At its heart, Poptrie uses a compressed trie structure to hold the forwarding information base (FIB), which is networking-speak for a mapping from prefixes (keys) to next hops (values). In this compressed trie each node holds edges for the next k = 6 bits of the prefix which in turn point to either child nodes or leaves.

Poptrie nodes are efficiently encoded using a trick based on the popcnt instruction which counts the number of bits set in a bit vector. Each node consists of two base offsets—one into an array of nodes, and another into an array of leaves—as well as two 64‑bit vectors that hold compressed information about the edges of the node. Let us call them the node and the leaf vectors.

Figure 3 from the Poptrie paper showing the encoding of a node.
Figure 3 from the Poptrie paper showing the encoding of a node.

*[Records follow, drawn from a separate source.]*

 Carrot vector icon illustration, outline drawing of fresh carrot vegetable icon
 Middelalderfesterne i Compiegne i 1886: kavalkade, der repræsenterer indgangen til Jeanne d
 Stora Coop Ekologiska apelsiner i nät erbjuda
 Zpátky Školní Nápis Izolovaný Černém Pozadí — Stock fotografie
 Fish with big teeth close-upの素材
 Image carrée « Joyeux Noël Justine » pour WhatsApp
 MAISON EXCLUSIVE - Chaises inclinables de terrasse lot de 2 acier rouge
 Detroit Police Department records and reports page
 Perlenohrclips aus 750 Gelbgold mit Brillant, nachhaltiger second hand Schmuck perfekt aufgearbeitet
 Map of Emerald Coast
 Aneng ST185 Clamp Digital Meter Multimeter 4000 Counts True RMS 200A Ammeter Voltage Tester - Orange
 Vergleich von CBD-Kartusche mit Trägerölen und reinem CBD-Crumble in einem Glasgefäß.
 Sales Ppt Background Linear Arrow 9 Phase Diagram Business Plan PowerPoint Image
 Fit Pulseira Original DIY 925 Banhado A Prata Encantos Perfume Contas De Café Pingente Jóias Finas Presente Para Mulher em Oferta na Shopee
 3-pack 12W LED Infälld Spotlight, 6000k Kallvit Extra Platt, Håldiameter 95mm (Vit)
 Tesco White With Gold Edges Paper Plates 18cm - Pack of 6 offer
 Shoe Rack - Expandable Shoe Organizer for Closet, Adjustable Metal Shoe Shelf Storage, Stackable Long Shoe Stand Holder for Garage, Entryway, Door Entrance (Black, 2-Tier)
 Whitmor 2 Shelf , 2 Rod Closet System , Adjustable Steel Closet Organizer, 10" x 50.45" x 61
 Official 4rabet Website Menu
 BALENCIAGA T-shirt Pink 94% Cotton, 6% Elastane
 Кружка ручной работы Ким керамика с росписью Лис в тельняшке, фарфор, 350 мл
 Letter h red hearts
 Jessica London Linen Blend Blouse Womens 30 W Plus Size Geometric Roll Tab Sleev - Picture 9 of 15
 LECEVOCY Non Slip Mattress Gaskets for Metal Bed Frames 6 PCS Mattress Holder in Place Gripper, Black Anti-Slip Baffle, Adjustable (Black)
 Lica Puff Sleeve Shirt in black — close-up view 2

Since k = 6 bits can represent 64 distinct values, each of the vectors has one bit of information for every possible value of the next k‑bit chunk of the prefix. A set bit in the corresponding position of the node vector indicates that the edge points to a node, and the number of bits set up that position indicates the child node’s offset from the node base.

While we could just invert the node vector and then count the set bits to get an offset into the leaves array, we expect the trie to be sparse and leaves to be plenty—a “no match” is represented by a leaf with value zero. A node with a single edge would imply 63 additional zero leaves in the leaves array. Enter leaf compression. In order minimize the size of the leaves array, the leaf vector has bits at the corresponding positions set if the edge points to a leaf, and only if the leaf’s value differs from the value of the preceding leaf. I.e., adjacent identical leaves are deduplicated.

Figure 5 from the Poptrie paper illustrating the direct pointing optimization.
Figure 5 from the Poptrie paper illustrating the direct pointing optimization.

Finally, a direct pointing optimization is prepended to the lookup. It trades off memory space for decreased depth of the trie which translates to reduced branching and pointer chasing. This is the same mechanism as is also employed in DIR-24-8 and DXR. In this scheme an array of size 2^s holds references to the nodes and leaves for the first s bits of prefixes (the Poptrie paper suggests s = 18). In a sense this table of roots allows us to fast forward the lookup to the chunk at s and proceeding with the regular trie search from there.

Structure

Besides the lookup routine there is quite bit of logic required to build the Poptrie lookup structure in the first place. An incremental way of tackling the problem is to first build a simple binary trie to hold the routing information. Following networking-speak (rather inaccurately) our code calls this the RIB (for routing information base). After we built the RIB we can convert it to an equivalent, compressed Poptrie structure, the FIB.

Note that no particular consideration was given towards optimizing either building the RIB or converting it to a FIB because we do not necessarily have to perform these operations in the data-plane. Instead, we make sure that the final FIB that is used for lookups is easily serializable and hence portable. I.e., our Poptrie object constructor can be used to create an empty RIB left for us to populate and convert to a FIB, but we can also do that in a separate process and instantiate it with the resulting binary blobs (node and leaves arrays, and the direct map).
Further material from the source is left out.